The archaeological site is accessible not only through the museum but also by means of the green roof, and thus when walking through the museum you pass a part of the site.
- The Lone Hotel in Rovinj, Istria (2011). Architects: Studio 3LHD
This hotel looks powerful. On the outside it reminds me of a modern ship, but on the inside you feel like you are in a modern museum. Its construction is minimalistic and modern – horizontal cubes with soft angles and terraces that look like stripes.
Among its green surroundings, the building looks very sophisticated. The Lone Hotel opened a few years ago and gained recognition not only as a successful architectural piece, but also as a well-equipped hotel.
It stands in a small bay where it is well incorporated into its natural surroundings. On the one side of it is the little peninsula, and on the other is the old town, making its offer very appealing. Apart from having the hotel for entertainment, you therefore also have access to both nature and nightlife.
- The Sea Organs in Zadar, Dalmatia (2005). Architects: Nikola Bašić, Ivica Stamać, Vladimir Andročec and Atelier Heferer
The Sea Organs are situated in the western part of the Zadar peninsula.
They are 75 m long and have been completely built into the sidewalk. Underneath the simple stone steps are pipes that produce a sound each time a wave hits the shore. The unique sounds and their simple architecture has become the symbol of Zadar.
This is a great example of how to change an ordinary boardwalk into an interesting and calming attraction. The pleasant sea surroundings and a sunset that is, according to Alfred Hitchcock, the most wonderful in the world, adds more charm. When the weather is nice, the stairs (that resemble large stone beds) get pleasantly warm and people have been known to lay down here and soak up the sun.
- Academy of Music at the University of Zagreb, Zagreb (2014). Architect: Milan Šosterić
From the get-go, I must say that this project was a very challenging one, due both to the parameters thereof and the space available.

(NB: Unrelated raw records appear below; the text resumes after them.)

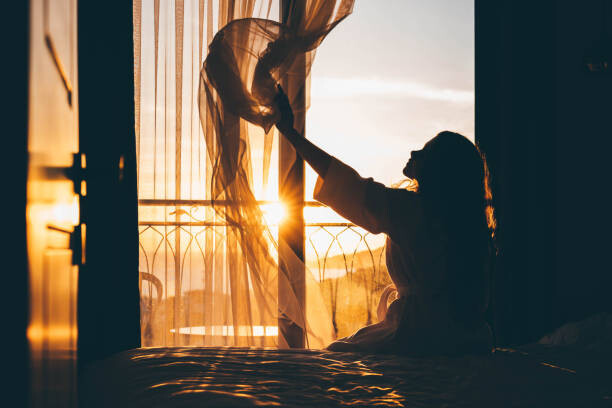Samolepka Woman opens curtain to enjoy view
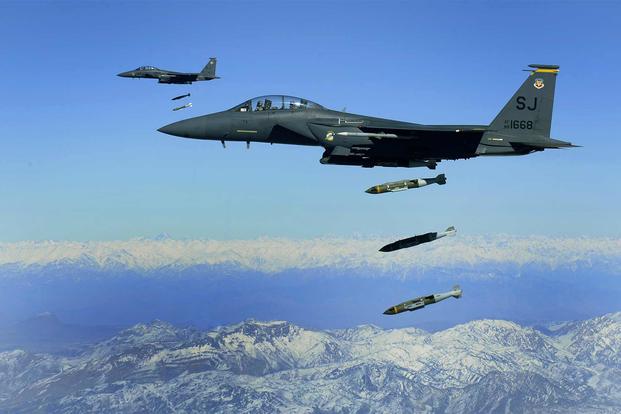 U.S. Air Force F-15E Strike Eagles drop 2,000-pound Joint Direct Attack Munitions on a cave in eastern Afghanistan on Nov. 26, 2009. (Michael B. Keller/U.S. Air Force)
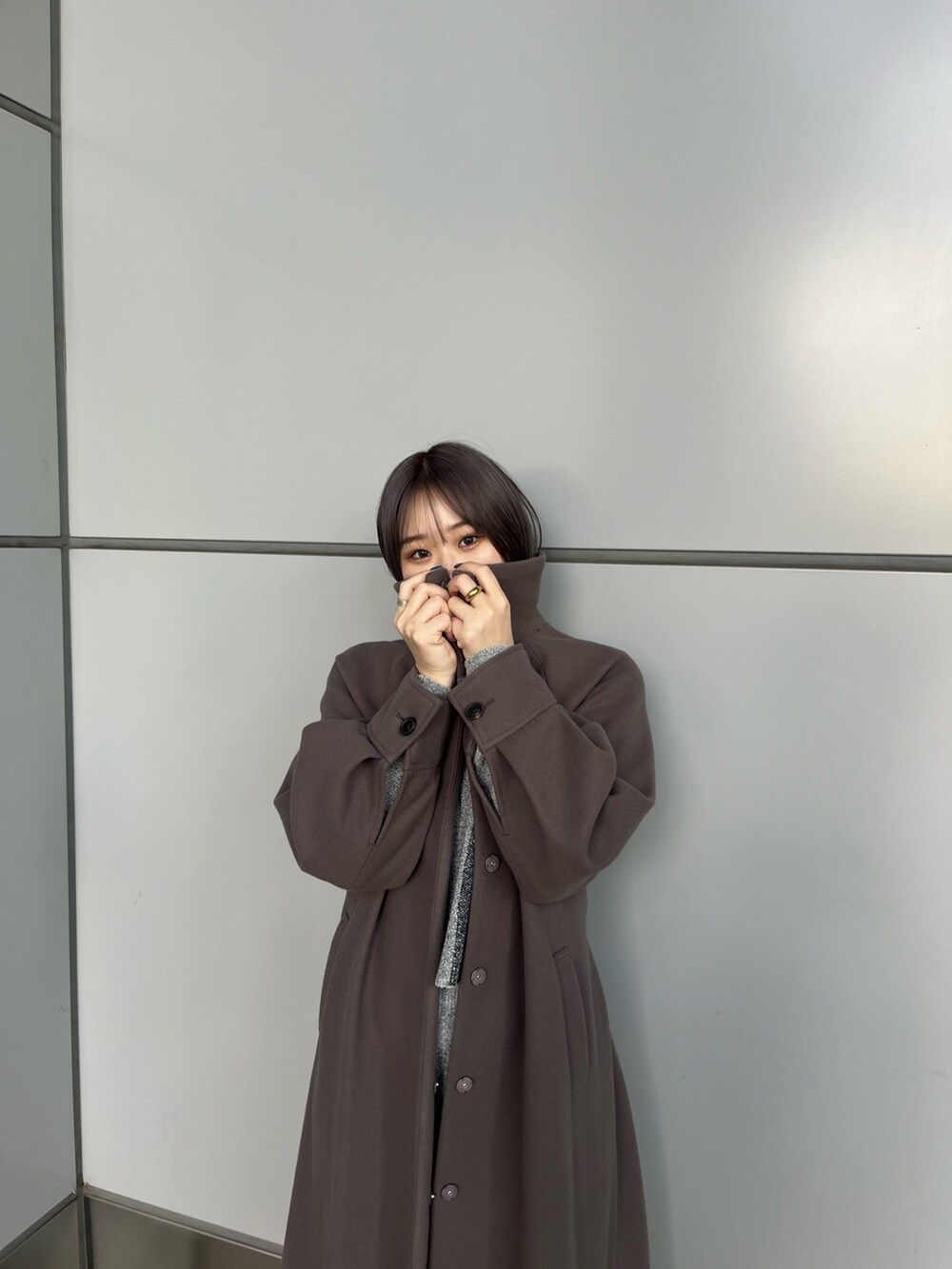 グレー系のニット/セーター、グレー系のスカート、ブラウン系のステンカラーコートを着用したレディースの冬コーディネートの2枚目の写真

The academy was built in Zagreb’s historic square on a site where a previous building had stood forgotten for decades. Back in the day, it was supposed to be a modern building representative of the 1960s, but the project was changed so much during construction that the architect, Stanko Fabris, completely distanced himself from it out of dissatisfaction. After years of back-and-forth attempts to revalorise this unfortunate building, the City of Zagreb finally accepted the project proposal of the young architect Milan Šosterić and the University of Zagreb’s Academy of Music finally got a home after years of waiting.
The original building was partly destroyed, but the new project nicely pays homage to it as the new building’s height and volume more or less corresponds to the old. The front facade has kept with the idea of a glass grid, but Šosterić has added some young charm to the building, such as the big concert hall situated on the roof that is painted in a rainbow palette. Although this cheerful building seems a bit out-of-place in its surroundings, I find it very charming.
- Airport Franjo Tuđman, City of Zagreb and City of Velika Gorica (2017). Architects: Branko Kincl, Velimir Neidhardt, Jure Radić
There came a time when Croatia needed to adapt itself to modern standards and let go of old and small communistic buildings.
The new terminal of Zagreb’s Franjo Tuđman (the first president of Croatia from 1991-2000) Airport, is a small terminal located not far from the old one. It consists of two main parts – a square building with its characteristic wavy roof, and a curved tube that looks as if it has been “squeezed” to which the airplane ramps are connected. The basic materials are glass and steel.
I find the subtle contrast between the interior and exterior very appealing. Outside, shape is the overpowering element, but inside you find that the open construction becomes the attraction.
Realising the project was very complex. In spite of this, the final product has proven to be satisfactory to public and passengers alike, and the terminal has become the star of Croatia’s capital!